3 things for today

1. I bought $14.69 worth of pork loin at the grocery store today (0.98 lb @ $14.99 / lb). This seemed extravagant and stupid (is it? it is) but I had no basis for comparison, not being a regular purchaser of loin, nor of any flesh-based products (I don't like cooking meat). But I've had this Real Simple recipe sitting on my coffee table since I moved in and that seemed like a sad way to lead a life. Stupid loin for everybody! Long live the loin!

2. Thanks to a tip from a friend I just procured a ticket for an encore showing of Eugene Onegin at the cinema on Wednesday. It was the very first production I saw at the Met when I moved to New York (Feb 07, yo) and it is burned into my best memories forevermore.
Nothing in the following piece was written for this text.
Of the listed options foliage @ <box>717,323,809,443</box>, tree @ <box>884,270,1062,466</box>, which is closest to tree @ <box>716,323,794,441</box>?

If you're smart, you'll join me (in spirit; no stalkers!). p.s. I will be crying, which is not unusual vis-à-vis me and this opera. Or any opera. They really hit me in the hambone.
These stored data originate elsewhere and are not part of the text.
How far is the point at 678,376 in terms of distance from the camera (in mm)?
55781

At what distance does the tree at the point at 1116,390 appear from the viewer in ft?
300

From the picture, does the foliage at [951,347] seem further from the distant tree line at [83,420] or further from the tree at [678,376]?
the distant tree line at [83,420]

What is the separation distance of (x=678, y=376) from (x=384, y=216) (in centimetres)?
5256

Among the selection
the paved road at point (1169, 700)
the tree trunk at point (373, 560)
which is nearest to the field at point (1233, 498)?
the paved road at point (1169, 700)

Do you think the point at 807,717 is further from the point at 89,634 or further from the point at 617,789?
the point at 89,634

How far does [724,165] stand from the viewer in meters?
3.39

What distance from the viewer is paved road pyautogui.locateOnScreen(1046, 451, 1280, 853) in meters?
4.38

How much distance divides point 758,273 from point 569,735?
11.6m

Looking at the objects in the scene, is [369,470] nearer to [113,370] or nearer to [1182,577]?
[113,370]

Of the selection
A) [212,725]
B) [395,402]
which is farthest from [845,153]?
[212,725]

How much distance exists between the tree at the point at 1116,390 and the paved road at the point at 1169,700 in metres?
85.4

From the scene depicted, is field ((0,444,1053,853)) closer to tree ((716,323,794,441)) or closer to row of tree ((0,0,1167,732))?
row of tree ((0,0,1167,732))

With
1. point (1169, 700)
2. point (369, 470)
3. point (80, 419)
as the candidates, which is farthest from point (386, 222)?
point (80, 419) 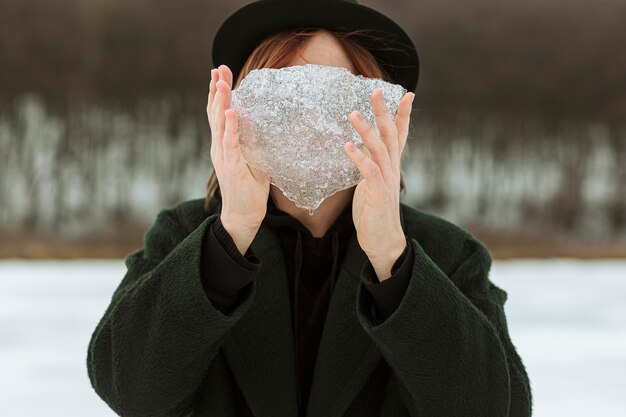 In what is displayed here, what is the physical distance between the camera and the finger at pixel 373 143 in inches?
32.1

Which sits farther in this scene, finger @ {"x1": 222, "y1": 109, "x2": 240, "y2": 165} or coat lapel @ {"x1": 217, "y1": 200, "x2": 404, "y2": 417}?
coat lapel @ {"x1": 217, "y1": 200, "x2": 404, "y2": 417}

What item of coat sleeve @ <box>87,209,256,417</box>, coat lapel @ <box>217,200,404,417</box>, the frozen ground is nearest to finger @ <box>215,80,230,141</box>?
coat sleeve @ <box>87,209,256,417</box>

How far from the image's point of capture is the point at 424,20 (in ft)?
18.9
3. From a Talk of the Town piece by Nicolas Niarchos on pirate radio stations in the New Yorker: "Between 87.9 and 92.1 FM, Goren counted eleven illegal stations, whose hosts mainly spoke Creole or accented English. Pirates, he said, 'offer a kind of programming that their audiences depend on. Spiritual sustenance, news, immigration information, music created at home or in the new home, here.' "
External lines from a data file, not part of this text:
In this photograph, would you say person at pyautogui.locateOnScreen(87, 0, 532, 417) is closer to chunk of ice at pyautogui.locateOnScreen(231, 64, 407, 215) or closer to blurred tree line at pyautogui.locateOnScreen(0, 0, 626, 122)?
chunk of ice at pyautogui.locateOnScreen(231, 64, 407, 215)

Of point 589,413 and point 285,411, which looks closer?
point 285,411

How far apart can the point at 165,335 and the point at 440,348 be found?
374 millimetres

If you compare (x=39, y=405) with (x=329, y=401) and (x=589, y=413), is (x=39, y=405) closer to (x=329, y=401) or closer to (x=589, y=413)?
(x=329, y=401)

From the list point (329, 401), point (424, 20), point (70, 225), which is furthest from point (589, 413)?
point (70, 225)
The human condition! Like wildfires, or wild flowers, people will poke through no matter what.

4. From Donald Hall's The Best Day the Worst Day, another kind of community:

Bob Thornly, who owned the store four hundred yards away around a curve, dispensed not only gas and food and hardware and stovepipe and New Hampshire ashtrays, but also facilitations. I told him I needed a typist and he thought of Lois Fierro, half a mile farther down the road, who handled my letters and manuscript for two decades. At the store I picked up the Globe every morning. We shopped there for milk and sundries. Jane bought crockery there that sits in the pantry still. In November I found felt-lined boots for winter. We dropped in at Thornly's a couple of times a day, chatted with Bob, gossiped with neighbors, and heard new jokes. My cousin Ansel told us it got so cold he saw a fox putting jumper cables on a jackrabbit. Jane called Thornly's store a continual party.